Go to the line with "John Deere S7 700 Combine" in the entries below and write out every line from there through the line with "step1: 勝瓜削皮，切掉頭尾，切塊，中間挖洞", exactly and without pictures.

EXTRACTED INFORMATION:
+--

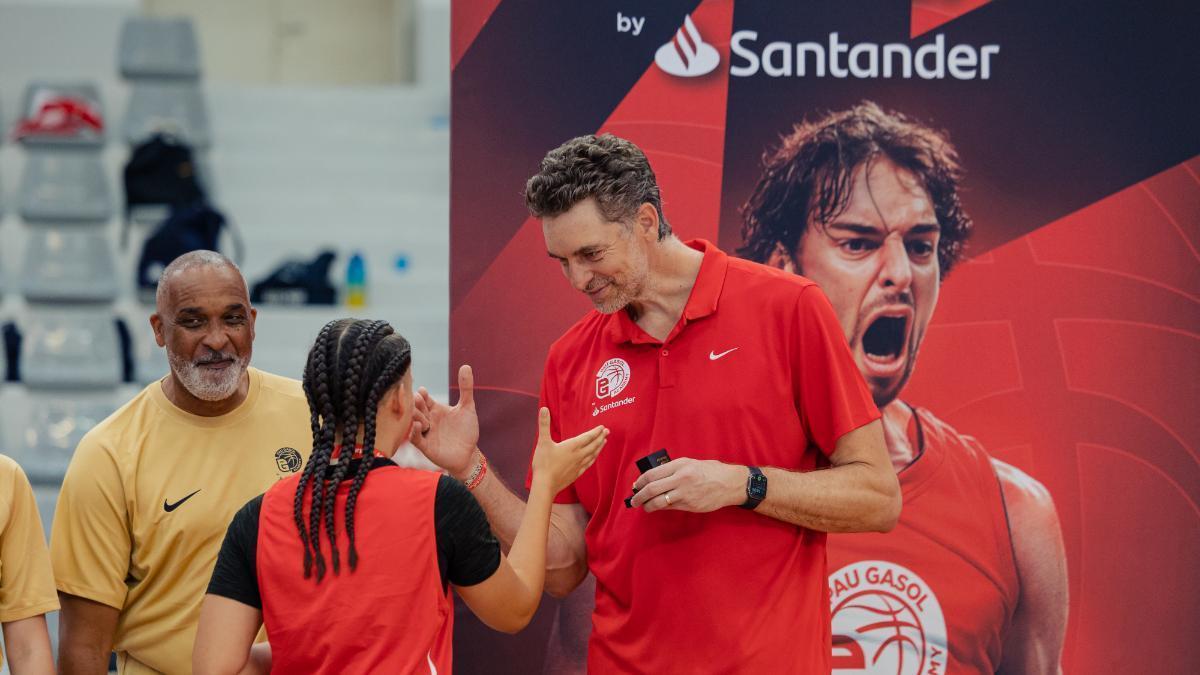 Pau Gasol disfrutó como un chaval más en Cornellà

+--

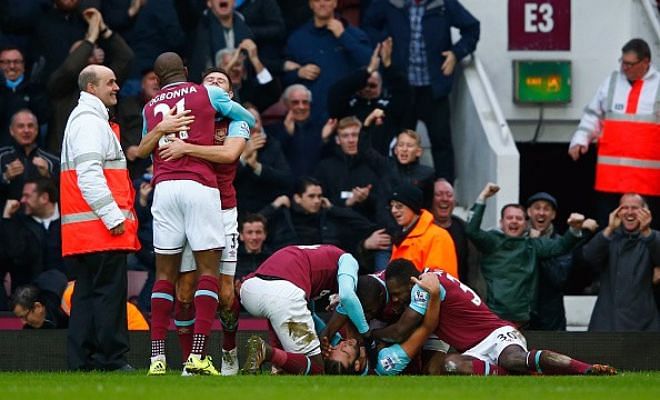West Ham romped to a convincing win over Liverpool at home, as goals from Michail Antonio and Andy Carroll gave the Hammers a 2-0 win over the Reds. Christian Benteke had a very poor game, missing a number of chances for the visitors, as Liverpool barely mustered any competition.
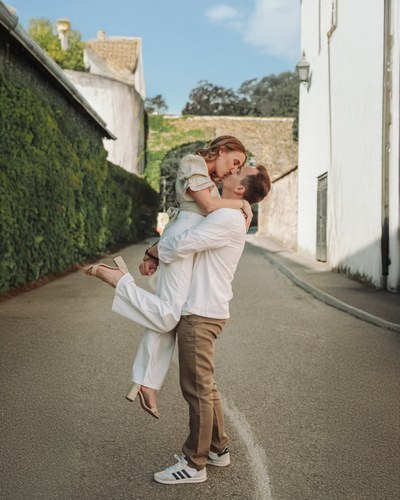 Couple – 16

+--

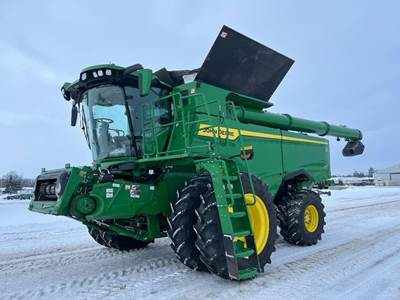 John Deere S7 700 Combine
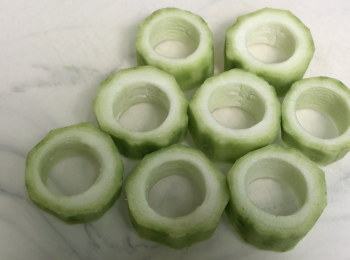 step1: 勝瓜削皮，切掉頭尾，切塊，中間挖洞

+--

TASK SOLUTION:
 John Deere S7 700 Combine
 step1: 勝瓜削皮，切掉頭尾，切塊，中間挖洞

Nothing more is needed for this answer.